Она права, она попадает точно в мое смятение. Но если я останусь, будет еще хуже».
Действие второе
Предваряющая запись:
«Чехов – вне настроений человека – непонятен.
Сыграть Чехова только словами – это значит совсем не сыграть его».
Второе действие открывается редким в записях Смоктуновского описанием прототипов, которые что-то могут подсказать ему самому во внешнем облике Иванова:
«Корреспондент, сидящий на полу у стены в Сингапуре.
Певец на концерте в хореографическом училище: манера двигаться, говорить, смотреть.
Один из президентов фирмы в Новой Зеландии: длинный, неторопливый, достойный».
Вряд ли тут артист описывает реальные впечатления от реальных людей. Скорее это фантазии на тему человека в предельно чуждом пространстве: певец на хореографическом вечере; корреспондент у сингапурской стены… Варианты на тему «свой среди чужих»: «длинный, неторопливый, достойный».
Смоктуновский наделил своего героя неправильным изяществом облика, особой воздушной походкой, нервной подвижностью аристократических рук. Было понятно, почему к этому Иванову тянутся окружающие, почему сходят с ума женщины. И вместе с тем он был бесконечно, как-то царственно одинок, все время как будто зяб и не мог найти покойного места.
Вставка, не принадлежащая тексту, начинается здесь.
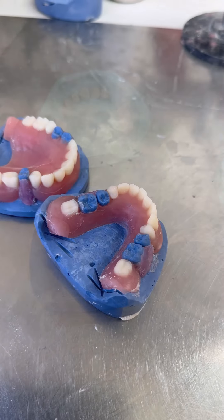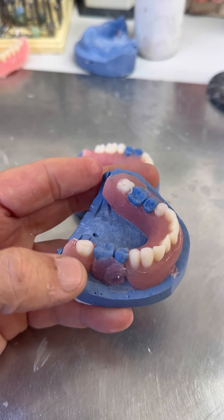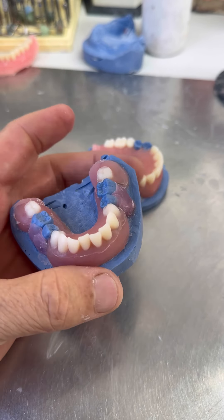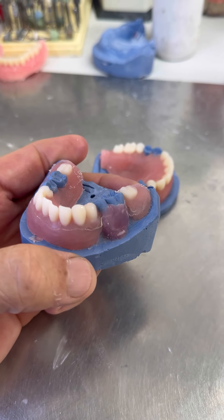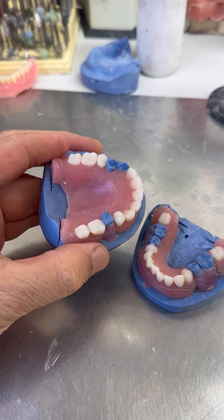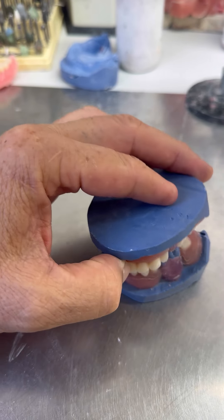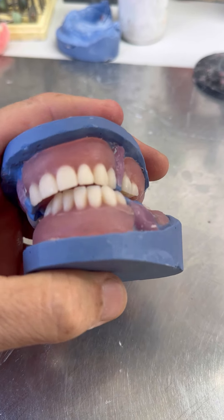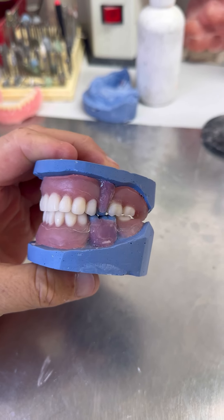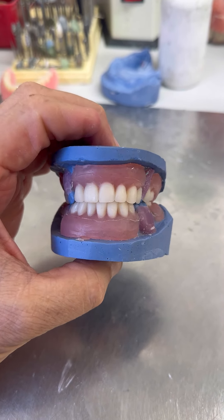Вот такая у нас получилась красота. Я уже тут литнички отрезал. Вот пролился весь протез хорошо. Теперь надо этот акрил ломать — он хрупкий, очень ломается хорошо. Снять модель, всё обрабатывать. Вот он, верхний протезик. Красиво, всё хорошо.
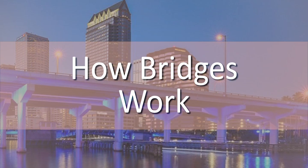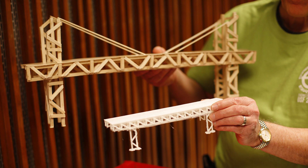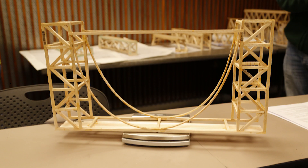Lesson 2: How Bridges Work. To better understand how to make a bridge, we need to understand how they work.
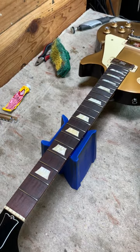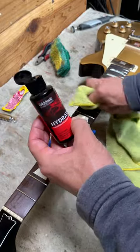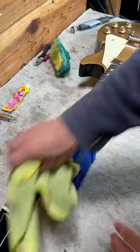I'm oiling the fretboard for the last step, just using some D'Addario Hydrate here. Then wipe off a little bit of that residue on all those frets.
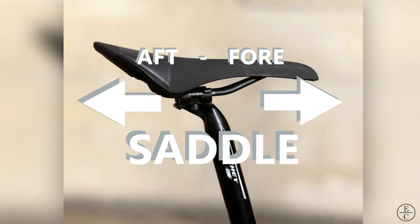Hi guys, welcome back to the EC Physio YouTube channel. Today's bike fit video surrounds adjusting saddle fore and aft.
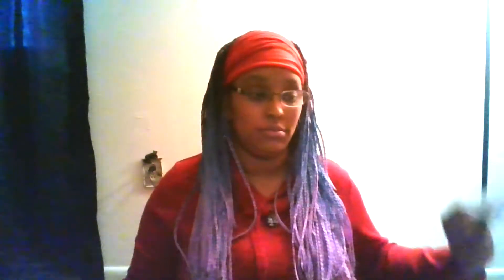You're going to need a blank piece of paper, and a straw. If you don't have a straw, you can always take a piece of paper, roll it really tight, and make your own straw. You just need something to make sure it seals correctly, like a little piece of glue or a little piece of tape.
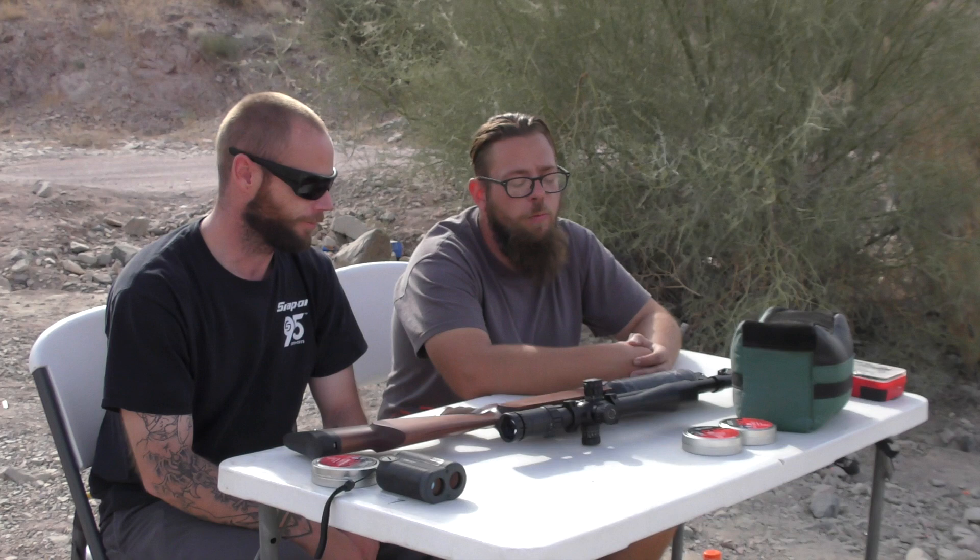Welcome back to Airgun Therapy. I am Aaron the Barbarian, and I'm Andrew the Animal. Today we have the Evanex Windy City in .357, .35 caliber. We're using JSB 81.02 grain dome pellets — they absolutely rock, and Evanex really likes JSB.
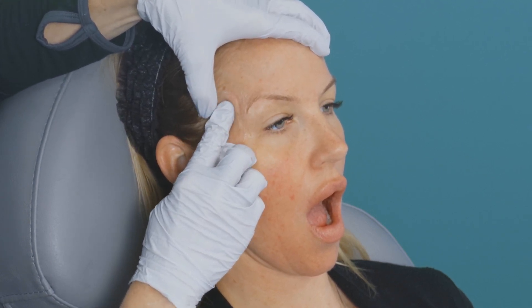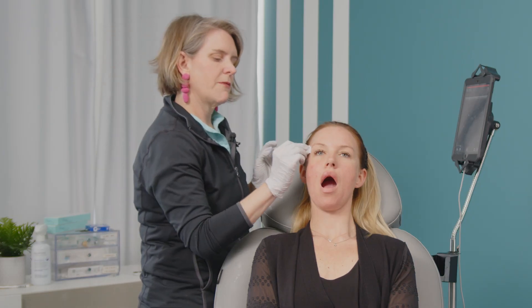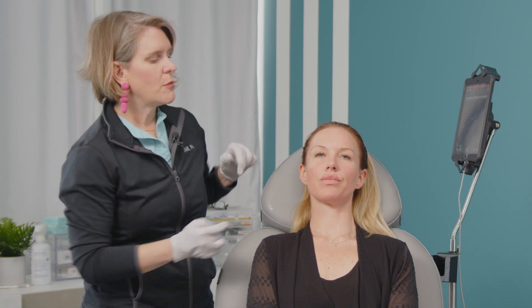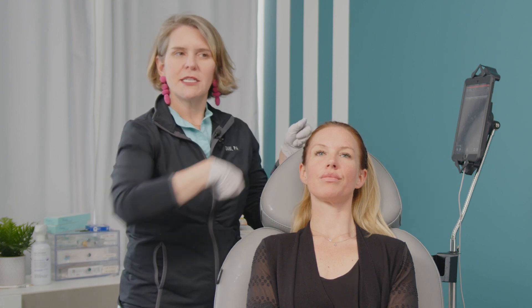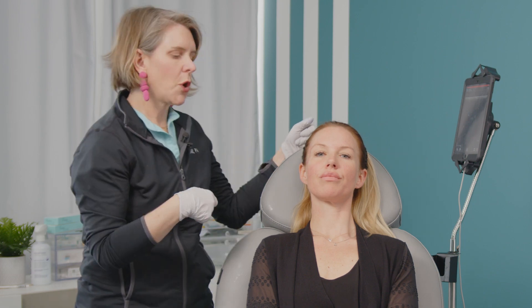She is a little hollow so she could probably use a little bit more. What I do is usually start with one syringe, let it get into the tissue, and take a look before adding more. Close your jaw for me. With a nice low G prime product, just smooshing it down with your thumb a little bit, you're able to have it spread instead of using the cannula up and back. So that is ultrasound guided with a cannula.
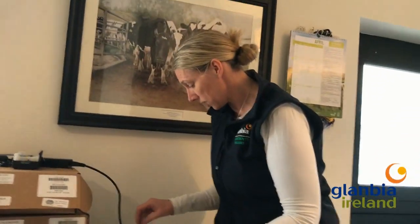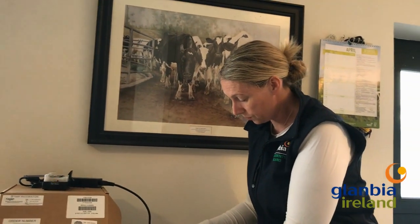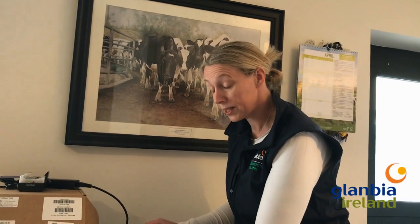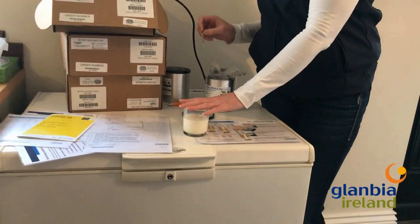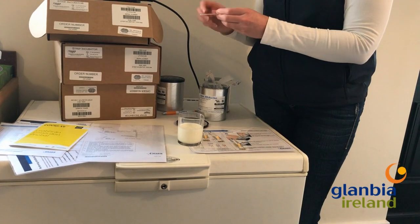I'll give you a quick demonstration now. What you do is you take your sample of milk. Always have the milk cold, so even if you've taken it from an individual cow, cool down the milk first. Make sure your sample is well agitated and mixed.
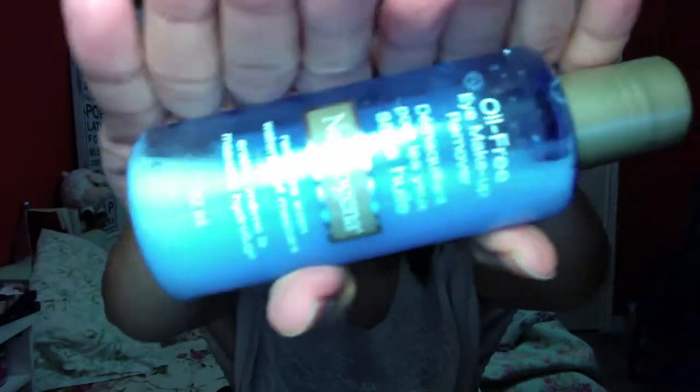Now I'm going to take my favorite makeup remover — this is Neutrogena Oil Free Makeup Remover. I'm taking my magic box right here, which just has cotton balls in it, no big deal. And I am going to take off any eye makeup that I had.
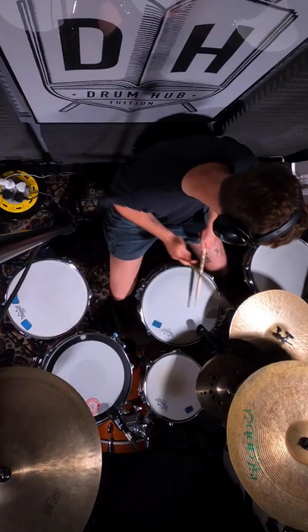This now means that we're playing eight groups of double strokes per bar with our weak hand. Give it a go, see if it helps you as much as it helped me.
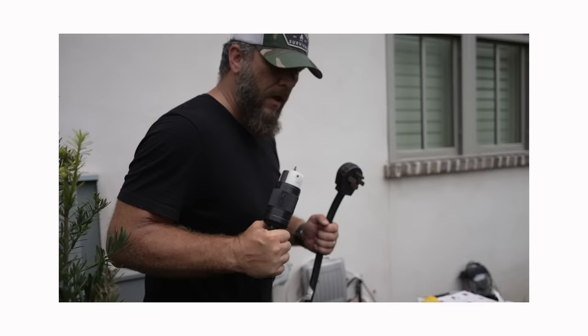Welcome back. Today I'm going to show you two ways to connect a generator up to your house for backup power for emergencies. One way could kill someone, and the other way is of course the safe and proper way, so choose wisely.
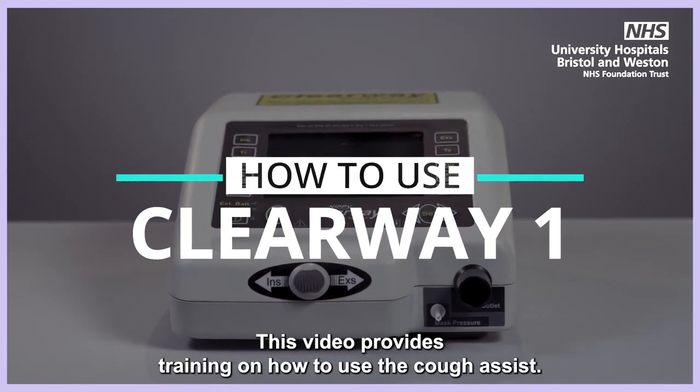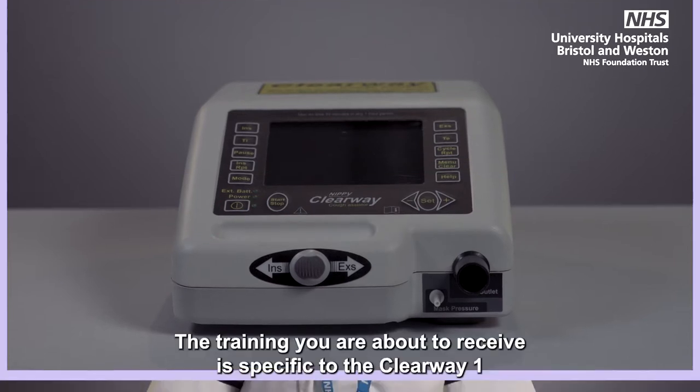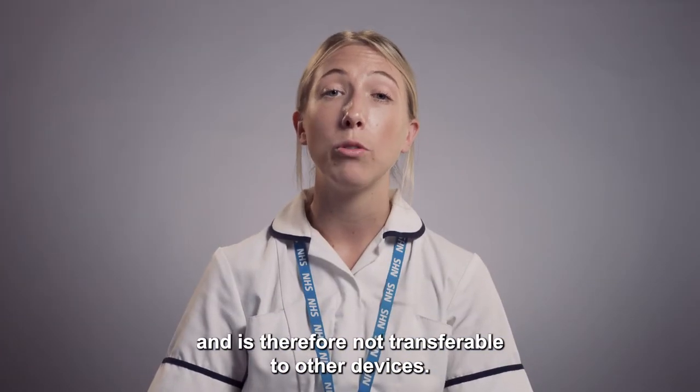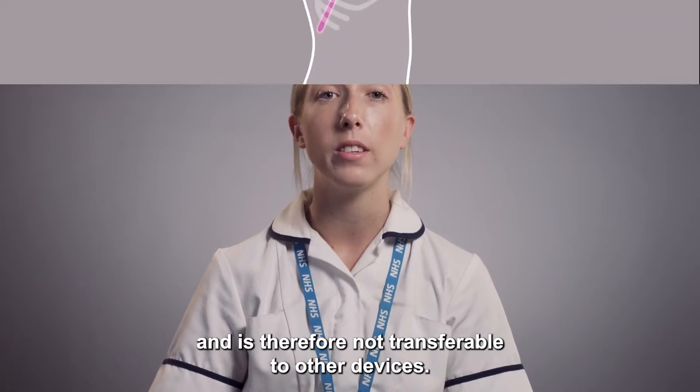This video provides training on how to use the Cough Assist. The training you're about to receive is specific to the Clearway One and is therefore not transferable to other devices.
Следом за описанием людей, чьи черты что-то подсказывали во внешнем облике героя, Смоктуновский выписал стихотворение Блока:
«Как тяжело ходить среди людей
и притворяться непогибшим…»
Смоктуновский как бы сдваивает впечатления от реальных людей и поэтический образ «живого мертвеца». Эта двойственная природа образа Иванова определила его особый характер.
Незадолго до мхатовской премьеры Иванова сыграл в «Ленкоме» Евгений Леонов. Он играл чеховского героя вариантом дяди Вани – дюжинным человеком, – Ивановым, чья жизнь и драма не претендуют на исключительность. Леонов играл Иванова как характерную роль. Смоктуновский играл Иванова лирическим героем. И, как в случае с образом в стихах Блока, дистанция между зрителем (читателем) и образом оказывалась резко сокращена. Этот Иванов воспринимался сидящими в зрительном зале как человек необыкновенно близкий, на чьи поступки, реакции, слова невозможно смотреть со стороны и оценивать их беспристрастно. Иванов выделялся белой вороной среди окружающих его персонажей, сыгранных как характерные роли. На вечеринке у Лебедевых он был героем трагедии среди водевильных персонажей. В нем, по определению Смоктуновского, жила тайна и мучило чувство вины. Он томился.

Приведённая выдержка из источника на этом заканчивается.